Directions for this task
The count of lines below that include the string "color" is the whole answer.

• • • • • • •

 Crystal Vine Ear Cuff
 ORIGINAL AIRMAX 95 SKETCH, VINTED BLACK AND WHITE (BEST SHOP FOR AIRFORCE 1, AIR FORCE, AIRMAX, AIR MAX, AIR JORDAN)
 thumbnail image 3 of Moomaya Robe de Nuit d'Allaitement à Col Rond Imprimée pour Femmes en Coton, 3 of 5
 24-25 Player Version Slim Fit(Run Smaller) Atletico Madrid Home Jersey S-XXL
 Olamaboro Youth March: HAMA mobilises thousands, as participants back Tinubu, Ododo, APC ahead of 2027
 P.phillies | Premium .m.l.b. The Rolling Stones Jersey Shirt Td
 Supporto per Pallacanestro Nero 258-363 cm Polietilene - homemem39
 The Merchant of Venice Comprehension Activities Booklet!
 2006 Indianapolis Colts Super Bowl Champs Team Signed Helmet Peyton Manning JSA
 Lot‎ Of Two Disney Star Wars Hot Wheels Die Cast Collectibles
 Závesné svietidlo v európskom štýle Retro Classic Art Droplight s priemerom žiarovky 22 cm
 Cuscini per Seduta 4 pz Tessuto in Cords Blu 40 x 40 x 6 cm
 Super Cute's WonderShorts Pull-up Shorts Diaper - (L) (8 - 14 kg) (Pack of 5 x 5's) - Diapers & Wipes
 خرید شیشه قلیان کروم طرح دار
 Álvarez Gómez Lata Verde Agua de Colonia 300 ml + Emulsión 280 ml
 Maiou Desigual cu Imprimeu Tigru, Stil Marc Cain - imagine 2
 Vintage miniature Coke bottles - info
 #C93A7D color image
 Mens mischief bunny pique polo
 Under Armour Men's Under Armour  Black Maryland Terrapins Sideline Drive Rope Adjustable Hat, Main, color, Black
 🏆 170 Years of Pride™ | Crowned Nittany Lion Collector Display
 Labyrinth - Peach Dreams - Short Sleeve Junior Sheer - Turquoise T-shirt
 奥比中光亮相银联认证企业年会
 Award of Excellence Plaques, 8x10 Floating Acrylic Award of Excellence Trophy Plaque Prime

• • • • • • •

Task response
2